Die gemeinsamen Tage waren für uns alle sehr intensiv und bleiben sicher unvergesslich. Was jedoch am stärksten in Erinnerung bleiben wird, ist die enorme Kluft zwischen arm und reich, die man hier wahrnehmen kann und die immer größer und größer wird.

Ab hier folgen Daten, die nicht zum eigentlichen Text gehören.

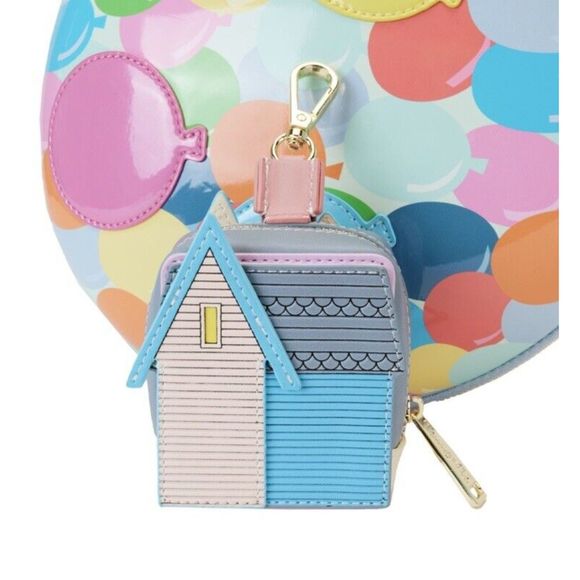 Loungefly Up Balloon House Figural Crossbody Bag With Coin Purse - Picture 5 of 7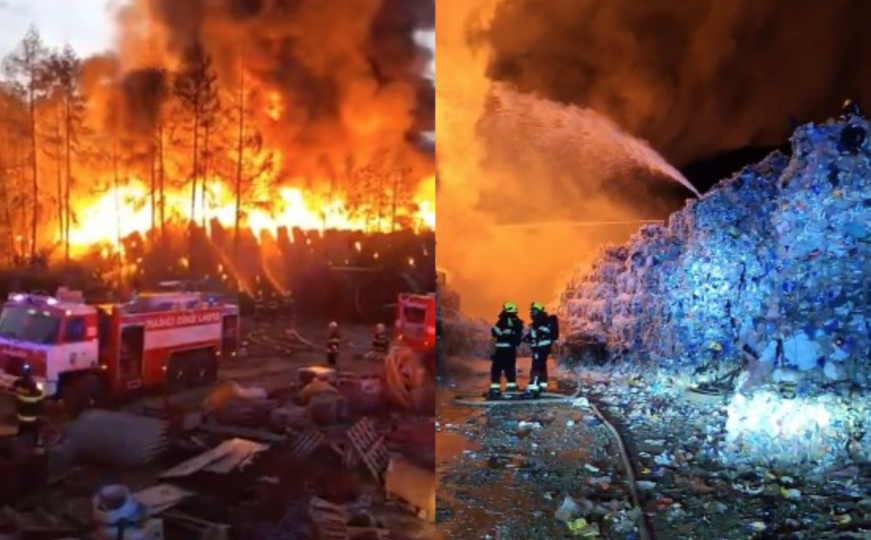 Ogroman požar kod Praga: Vatrogasci satima vode borbu sa vatrom, plamen doseže visinu od 15 metara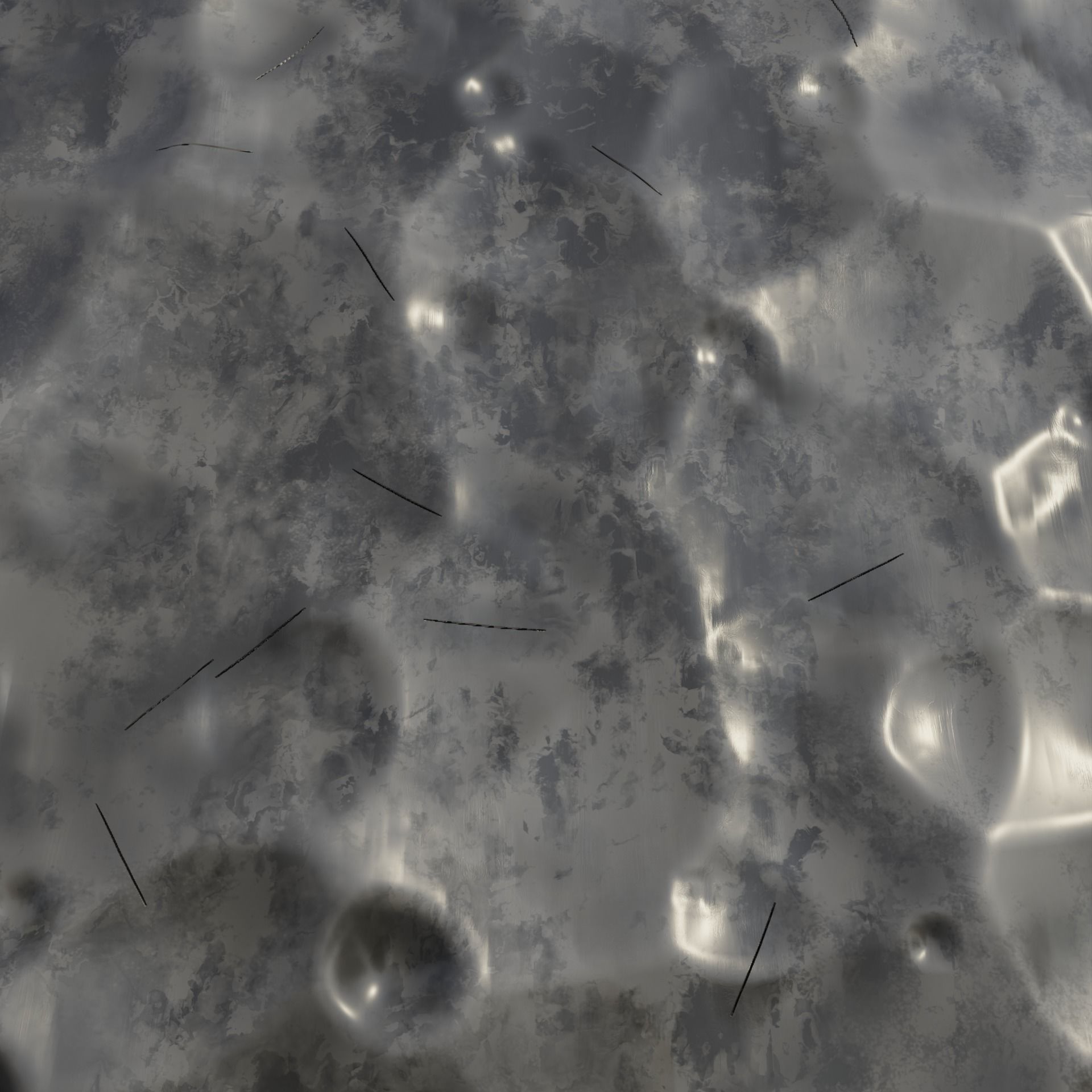 Stylized Battered Metal Texture_3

Die meiste Zeit der vergangenen Monate habe ich in einem unserer Ausbildungshäuser verbracht. Da der verantwortliche Erzieher der Studenten abwesend war, bin ich gebeten worden, die fünf jungen Sudanesen zu begleiten. Natürlich war dies hilfreich, um mein Englisch aufzufrischen. Zugleich habe ich durch diese Erfahrung besser verstanden, wie tief die Wunden des über 20 Jahre langen Bürgerkrieges im Sudan eigentlich gehen. Fast alle der Studenten haben in ihrer Kindheit aus ihrer Heimat fliehen müssen. Ihre Familien sind überallhin verstreut worden. Eltern, Geschwister, Verwandte und Freunde sind zum Teil getötet worden. Den Großteil ihrer Kindheit haben sie in Flüchtlingslagern in Uganda verbringen müssen. All das ist natürlich nicht spurlos an den jungen Menschen vorüber gegangen. In ihren Herzen hat sich viel Angst, Wut und Hass aufgestaut, was die Ausbildung zum geweihten Leben nicht gerade leichter macht.

Meine Zeit in Nairobi neigt sich dem Ende zu. Anfang Juni geht es in den Sudan. Zunächst werde ich in Juba, der Hauptstadt des Südsudans, versuchen, die lokale Sprache „Bari“ zu erlernen. Meine erste Mission wird nämlich in einem Gebiet sein, wo ein Bari sprechendes Volk lebt. Die Angehörigen dieser Volksgruppe nennen sich „Mundari“. Die Missionsstation heißt „Tali Post“. Sie liegt am Rande der Erzdiözese Juba. Vor etwa 50 Jahren haben einige Comboni-Missionare sich dort angesiedelt und sind dann 1964 vertrieben worden. Nun wollen wir die Mission wieder eröffnen. Und ich darf dabei sein…

In Verbundenheit

Pater Markus Körber

Pater Markus Körber aus Pottenstein (Fränkische Schweiz) arbeitet im Süd-Sudan in Tali Post, Erzdiözese Juba. Aus verschiedenen Gründen hielt er sich zuvor in Nairobi/Kenia auf. Vor einiger Zeit, nach dem Besuch von zwei Brüdern schrieb er u.a. seine Eindrücke von Nairobi (einige Monate vor den Unruhen Ende Dezember und in der folgenden Zeit!) in diesem Brief nieder.